- Born: April 17, 1921 Denver, Colorado, US
- Died: April 2, 1980 (aged 58) Mexico City, Mexico
- Education: University of Denver; University of California, Berkeley;
- Known for: UBV photometric system
- Spouse: Mary Elizabeth Jones
- Awards: 1956 Helen B. Warner Prize American Astronomical Society,; Member of the National Academy of Sciences;
- Scientific career
- Fields: Astronomy
- Workplaces: Lowell Observatory, University of Wisconsin–Madison, Yerkes Observatory, McDonald Observatory, University of Texas–Austin, Lunar and Planetary Laboratory, National Autonomous University of Mexico
- Thesis: The Development of an Electronic Device for the Measurement of Stellar Spectrograms for Radial Velocity. (1948)
- Doctoral advisor: Harold Weaver

= Harold Johnson (astronomer) =

American astronomer (1921–1980)

Harold Lester Johnson (April 17, 1921 – April 2, 1980) was an American astronomer.

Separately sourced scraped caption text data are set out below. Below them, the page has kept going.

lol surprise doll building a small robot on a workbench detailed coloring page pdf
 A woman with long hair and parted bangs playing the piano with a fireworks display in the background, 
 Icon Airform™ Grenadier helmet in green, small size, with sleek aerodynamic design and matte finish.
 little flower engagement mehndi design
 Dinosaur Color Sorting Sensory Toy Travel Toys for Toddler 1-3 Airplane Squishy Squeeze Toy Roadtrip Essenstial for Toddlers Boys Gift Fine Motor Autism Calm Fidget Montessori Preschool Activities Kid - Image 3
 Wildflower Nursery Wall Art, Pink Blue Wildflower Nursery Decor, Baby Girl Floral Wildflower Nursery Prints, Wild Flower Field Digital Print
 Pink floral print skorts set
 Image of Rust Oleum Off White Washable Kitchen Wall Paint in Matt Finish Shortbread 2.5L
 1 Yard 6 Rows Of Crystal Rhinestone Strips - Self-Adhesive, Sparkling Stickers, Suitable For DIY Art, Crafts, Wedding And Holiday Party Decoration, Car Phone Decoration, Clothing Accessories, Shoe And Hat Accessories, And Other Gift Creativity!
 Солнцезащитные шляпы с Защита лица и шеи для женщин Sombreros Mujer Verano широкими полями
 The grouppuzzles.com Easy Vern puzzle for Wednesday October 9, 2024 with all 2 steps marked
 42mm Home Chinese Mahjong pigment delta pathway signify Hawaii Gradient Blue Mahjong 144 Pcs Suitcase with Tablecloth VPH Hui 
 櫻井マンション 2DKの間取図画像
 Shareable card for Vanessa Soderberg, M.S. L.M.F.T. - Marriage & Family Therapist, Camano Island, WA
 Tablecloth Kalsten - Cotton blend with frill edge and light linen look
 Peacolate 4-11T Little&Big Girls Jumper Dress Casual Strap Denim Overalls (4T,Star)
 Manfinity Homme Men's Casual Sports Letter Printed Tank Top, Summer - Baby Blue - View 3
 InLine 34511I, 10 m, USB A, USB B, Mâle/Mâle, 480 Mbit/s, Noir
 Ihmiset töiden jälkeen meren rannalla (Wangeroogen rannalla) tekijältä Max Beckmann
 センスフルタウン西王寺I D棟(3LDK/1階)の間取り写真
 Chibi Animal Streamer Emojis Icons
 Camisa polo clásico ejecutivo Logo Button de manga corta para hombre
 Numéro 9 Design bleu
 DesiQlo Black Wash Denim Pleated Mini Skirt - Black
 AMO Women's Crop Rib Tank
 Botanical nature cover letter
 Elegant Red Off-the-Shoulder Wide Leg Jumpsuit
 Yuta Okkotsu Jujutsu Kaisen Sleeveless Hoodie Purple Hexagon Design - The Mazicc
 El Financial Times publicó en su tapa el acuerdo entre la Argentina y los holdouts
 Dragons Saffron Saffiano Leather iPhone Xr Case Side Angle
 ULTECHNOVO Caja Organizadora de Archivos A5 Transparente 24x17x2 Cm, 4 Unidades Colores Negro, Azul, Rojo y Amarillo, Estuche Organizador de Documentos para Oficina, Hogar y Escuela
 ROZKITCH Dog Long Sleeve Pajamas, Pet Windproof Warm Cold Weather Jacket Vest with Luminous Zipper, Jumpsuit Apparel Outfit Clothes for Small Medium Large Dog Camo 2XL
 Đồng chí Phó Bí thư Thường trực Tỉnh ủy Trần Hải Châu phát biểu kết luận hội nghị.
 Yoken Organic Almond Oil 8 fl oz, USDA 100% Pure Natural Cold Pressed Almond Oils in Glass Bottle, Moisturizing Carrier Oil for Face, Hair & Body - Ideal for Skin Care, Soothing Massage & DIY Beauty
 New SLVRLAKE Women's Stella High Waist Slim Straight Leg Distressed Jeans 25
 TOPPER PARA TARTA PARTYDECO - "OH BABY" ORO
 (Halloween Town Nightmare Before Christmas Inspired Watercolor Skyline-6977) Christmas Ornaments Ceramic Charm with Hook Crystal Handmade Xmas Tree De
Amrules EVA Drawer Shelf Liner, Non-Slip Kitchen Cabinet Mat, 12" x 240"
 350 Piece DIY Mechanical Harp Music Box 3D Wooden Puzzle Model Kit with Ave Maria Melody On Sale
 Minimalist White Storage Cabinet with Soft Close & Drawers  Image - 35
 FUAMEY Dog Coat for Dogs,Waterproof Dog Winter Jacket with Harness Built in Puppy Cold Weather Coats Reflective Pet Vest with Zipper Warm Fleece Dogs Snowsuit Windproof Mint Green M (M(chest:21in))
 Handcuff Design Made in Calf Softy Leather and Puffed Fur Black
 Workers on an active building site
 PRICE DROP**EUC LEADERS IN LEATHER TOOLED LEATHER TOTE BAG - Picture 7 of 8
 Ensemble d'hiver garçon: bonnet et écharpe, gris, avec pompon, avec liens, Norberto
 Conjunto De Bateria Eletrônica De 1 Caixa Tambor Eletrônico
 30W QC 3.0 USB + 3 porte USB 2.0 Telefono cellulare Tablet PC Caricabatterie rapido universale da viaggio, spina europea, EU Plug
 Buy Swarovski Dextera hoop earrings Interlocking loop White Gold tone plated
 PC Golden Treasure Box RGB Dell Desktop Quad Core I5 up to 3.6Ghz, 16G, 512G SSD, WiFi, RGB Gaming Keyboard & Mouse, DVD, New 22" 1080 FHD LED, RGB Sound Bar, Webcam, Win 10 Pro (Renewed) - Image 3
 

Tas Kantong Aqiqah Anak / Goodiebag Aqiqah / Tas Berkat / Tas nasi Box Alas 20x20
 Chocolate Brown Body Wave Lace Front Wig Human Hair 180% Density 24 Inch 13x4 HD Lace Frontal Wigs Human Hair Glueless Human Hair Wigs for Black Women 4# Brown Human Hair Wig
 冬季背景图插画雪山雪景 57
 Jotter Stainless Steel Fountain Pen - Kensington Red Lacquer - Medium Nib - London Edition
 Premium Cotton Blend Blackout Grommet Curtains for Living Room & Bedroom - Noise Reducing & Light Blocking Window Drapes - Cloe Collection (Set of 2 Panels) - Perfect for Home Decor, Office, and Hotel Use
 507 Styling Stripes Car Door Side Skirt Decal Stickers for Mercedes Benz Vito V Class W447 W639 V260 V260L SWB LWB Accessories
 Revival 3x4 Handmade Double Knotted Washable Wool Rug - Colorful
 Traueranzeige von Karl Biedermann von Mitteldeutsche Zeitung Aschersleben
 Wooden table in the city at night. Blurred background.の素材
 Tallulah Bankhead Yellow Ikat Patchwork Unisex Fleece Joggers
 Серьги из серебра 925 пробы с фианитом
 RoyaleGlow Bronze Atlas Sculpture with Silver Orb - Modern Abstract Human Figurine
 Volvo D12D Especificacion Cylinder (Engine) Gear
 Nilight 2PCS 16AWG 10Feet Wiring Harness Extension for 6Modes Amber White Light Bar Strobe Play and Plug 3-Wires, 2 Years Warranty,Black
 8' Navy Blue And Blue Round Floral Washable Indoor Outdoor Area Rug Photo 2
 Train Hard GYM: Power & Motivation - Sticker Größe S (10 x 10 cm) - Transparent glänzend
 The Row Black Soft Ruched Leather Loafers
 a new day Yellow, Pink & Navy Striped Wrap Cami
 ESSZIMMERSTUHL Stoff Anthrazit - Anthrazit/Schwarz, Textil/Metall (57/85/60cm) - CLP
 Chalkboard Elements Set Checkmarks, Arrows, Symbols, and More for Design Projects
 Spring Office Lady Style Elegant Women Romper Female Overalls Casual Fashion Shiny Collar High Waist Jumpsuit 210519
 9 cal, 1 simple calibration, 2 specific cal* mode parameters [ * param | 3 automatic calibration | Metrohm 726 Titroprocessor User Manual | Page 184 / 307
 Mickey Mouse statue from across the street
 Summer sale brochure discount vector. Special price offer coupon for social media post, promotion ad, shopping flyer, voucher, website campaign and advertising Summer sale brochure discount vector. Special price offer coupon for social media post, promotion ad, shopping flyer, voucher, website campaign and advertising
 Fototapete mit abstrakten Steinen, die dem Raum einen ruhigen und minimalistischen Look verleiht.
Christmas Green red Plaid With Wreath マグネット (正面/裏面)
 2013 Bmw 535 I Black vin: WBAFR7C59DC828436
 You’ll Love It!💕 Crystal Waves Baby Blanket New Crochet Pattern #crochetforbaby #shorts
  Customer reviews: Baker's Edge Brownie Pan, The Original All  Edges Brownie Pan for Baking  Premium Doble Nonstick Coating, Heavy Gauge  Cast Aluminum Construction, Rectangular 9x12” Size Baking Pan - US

Harold Johnson was born in Denver, Colorado, on April 17, 1921. He received his early education in Denver public schools and went to the University of Denver, graduating with a degree in mathematics in 1942. Johnson was recruited by the MIT Radiation Laboratory to work on World War II related radar research. After the war Johnson began graduate studies in astronomy at University of California, Berkeley where he completed his thesis under Harold Weaver in 1948.

In the following years working at Lowell Observatory, University of Wisconsin–Madison, Yerkes Observatory (where he met William Wilson Morgan), McDonald Observatory, University of Texas–Austin, the Lunar and Planetary Laboratory in Tucson, Arizona, and the National Autonomous University of Mexico he applied his instrumental and electronic talents to developing and calibrating astronomical photoelectric detectors.
He died of a heart attack in Mexico City in 1980. He and his wife, Mary Elizabeth Jones, had two children.

Johnson was awarded the Helen B. Warner Prize by the American Astronomical Society in 1956. He was elected to the National Academy of Sciences in 1969. He is remembered for introducing the UBV photometric system (also called the Johnson or Johnson-Morgan system), along with William Wilson Morgan in 1953, which he later expanded also with infrared filters in the 1960s.